§ Directions for this task
Exactly as they appear, transcribe the entries and skip any pictures.

§ Records to use

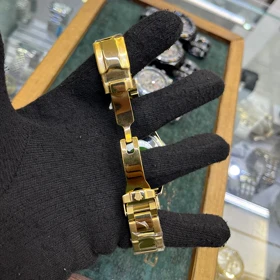 ساعت مچی اسکلیتون رولکس 16233 طرح سه موتور طلایی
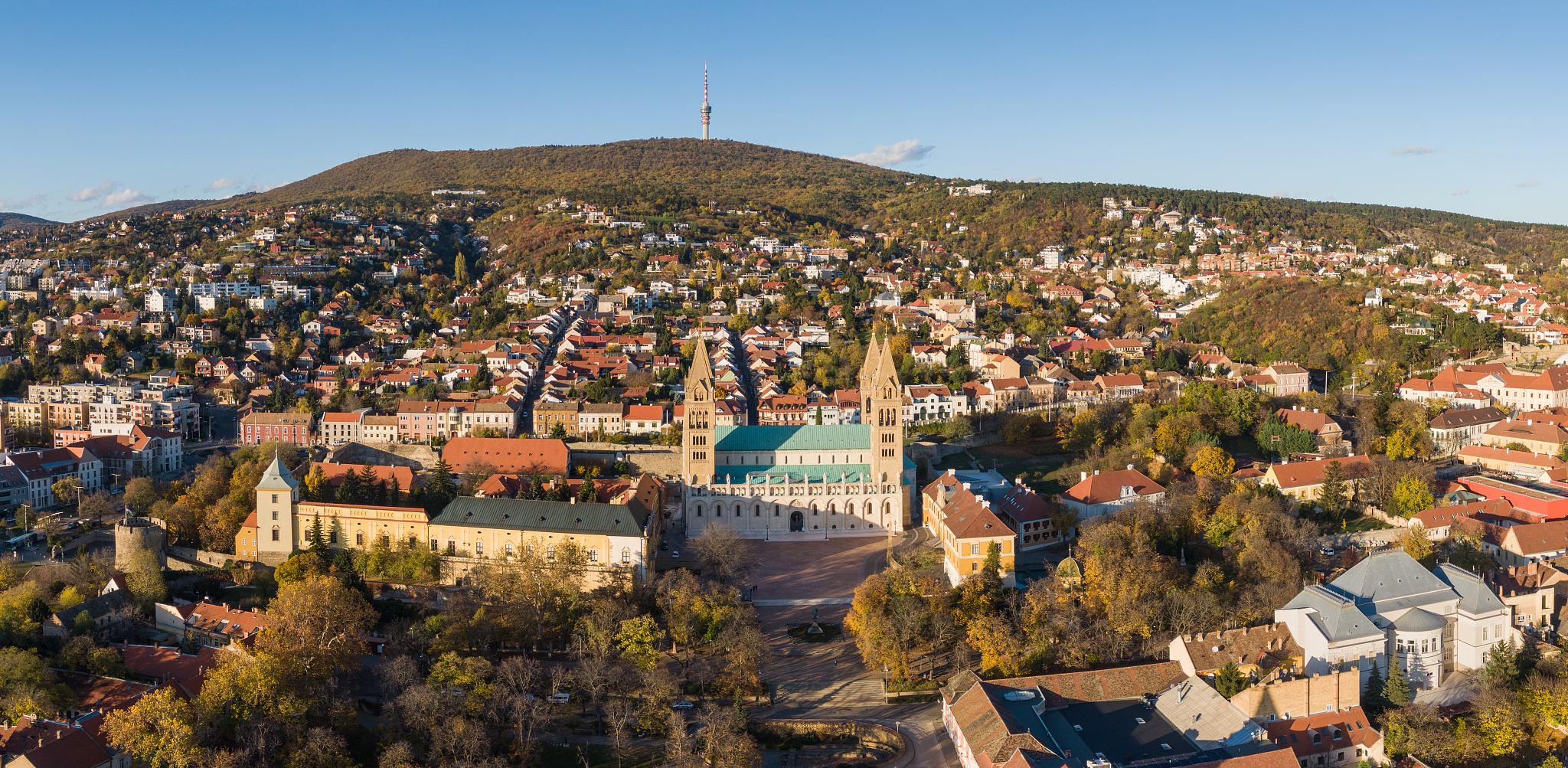 pecs, szekesegyhaz. bird eye view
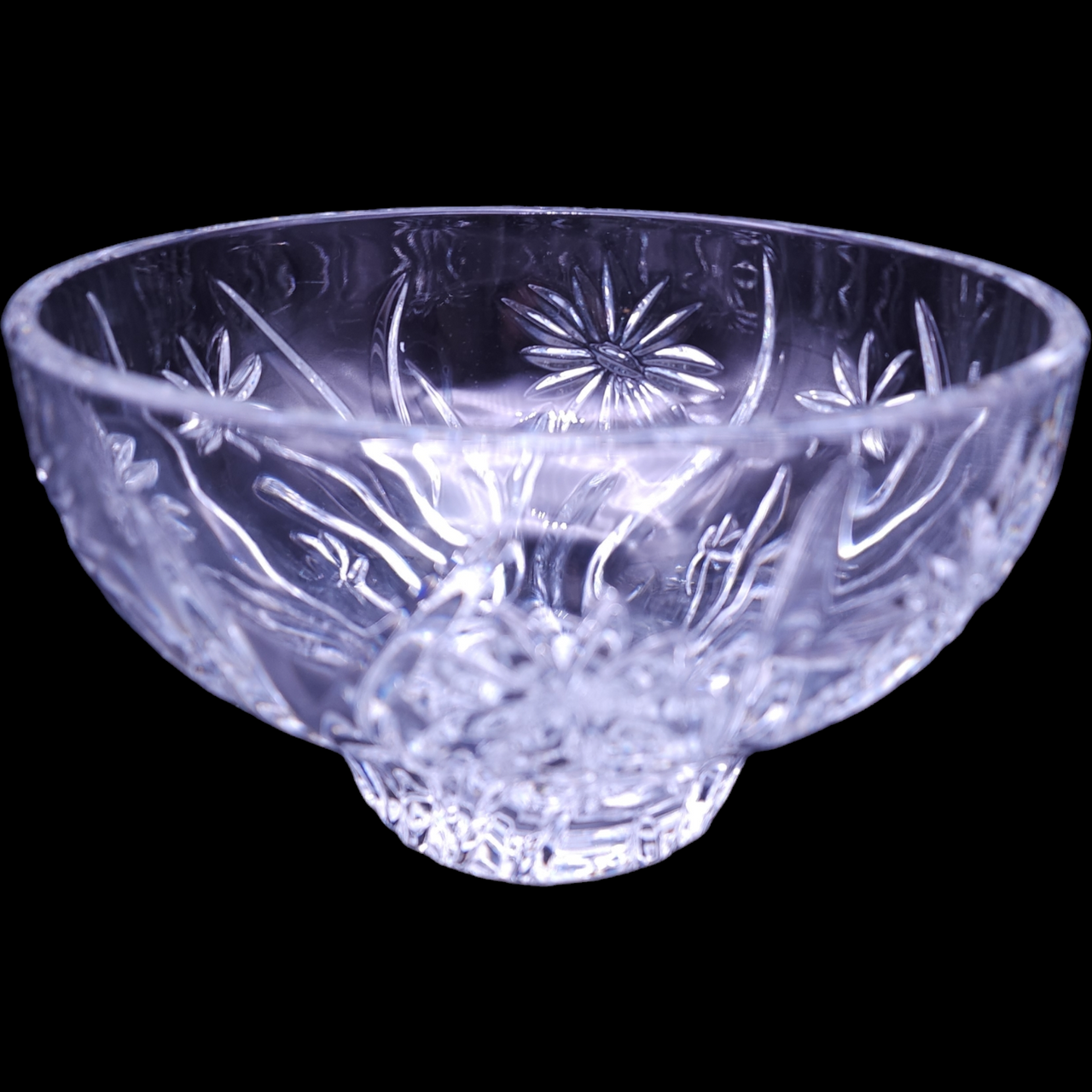 Gorham Crystal Daisy Cut Flowers Garden Round Bowl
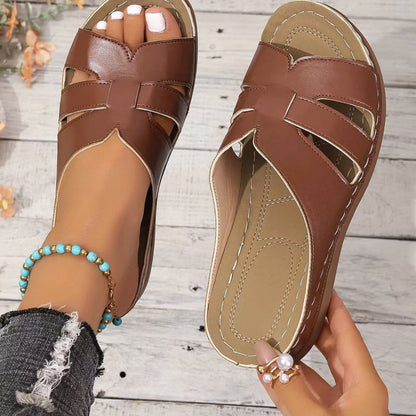 Lina | Orthopaedic Faux Leather Slippers with Open Toe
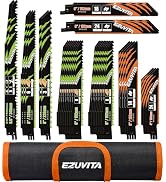 EZUVITA 36-Piece Reciprocating Saw Blade Set with Organizer Pouch - Metal & Wood Cutting, Pruning...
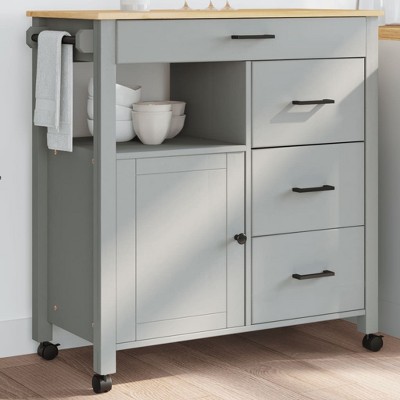 vidaXL Kitchen Trolley MONZA 33.1 in.x15.7 in.x35.4 in. Solid Wood Pine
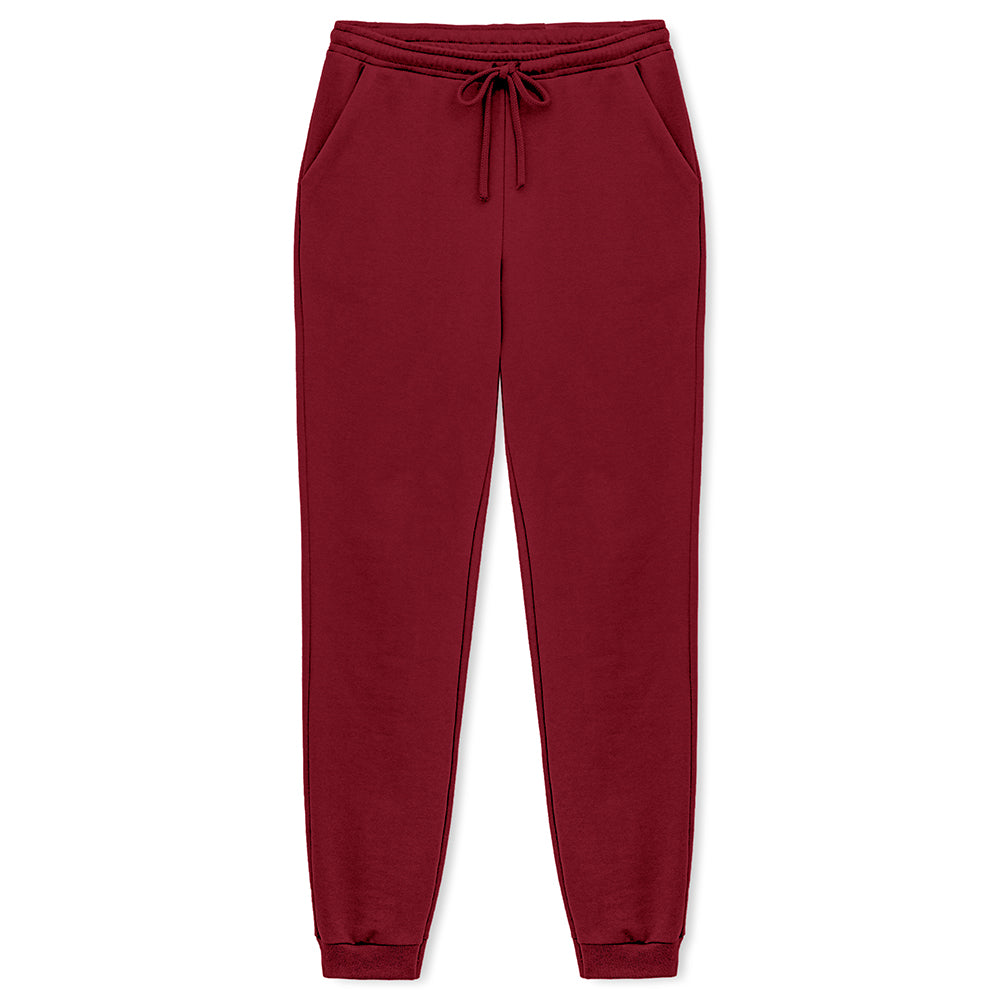 Calça Jogger Moletom Flanelado Feminina - Marsala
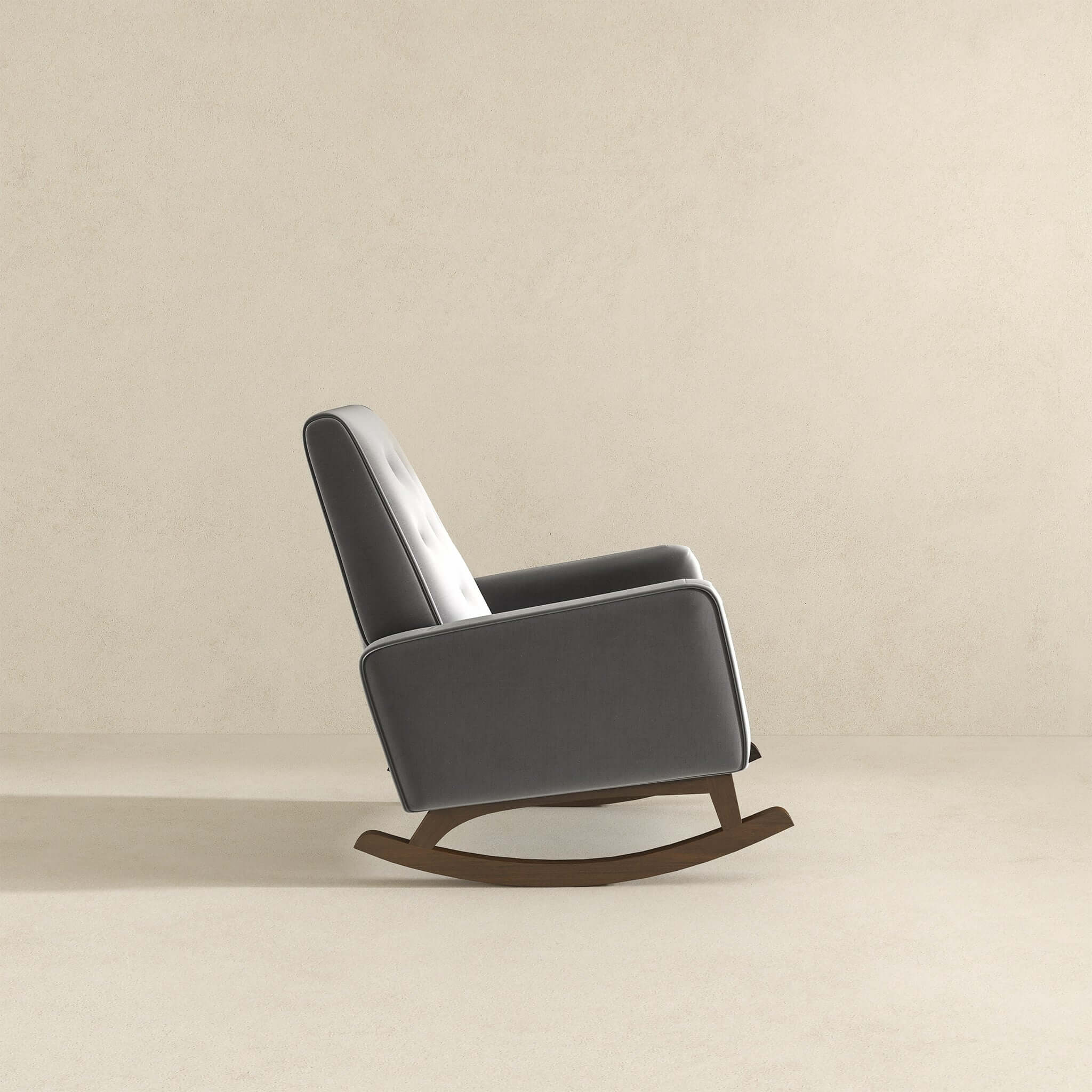 Demetrius  Light Grey Fabric Solid Wood Rocking Chair - Image 4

§ Reply
 ساعت مچی اسکلیتون رولکس 16233 طرح سه موتور طلایی
 pecs, szekesegyhaz. bird eye view
 Gorham Crystal Daisy Cut Flowers Garden Round Bowl
 Lina | Orthopaedic Faux Leather Slippers with Open Toe
 EZUVITA 36-Piece Reciprocating Saw Blade Set with Organizer Pouch - Metal & Wood Cutting, Pruning...
 vidaXL Kitchen Trolley MONZA 33.1 in.x15.7 in.x35.4 in. Solid Wood Pine
 Calça Jogger Moletom Flanelado Feminina - Marsala
 Demetrius  Light Grey Fabric Solid Wood Rocking Chair - Image 4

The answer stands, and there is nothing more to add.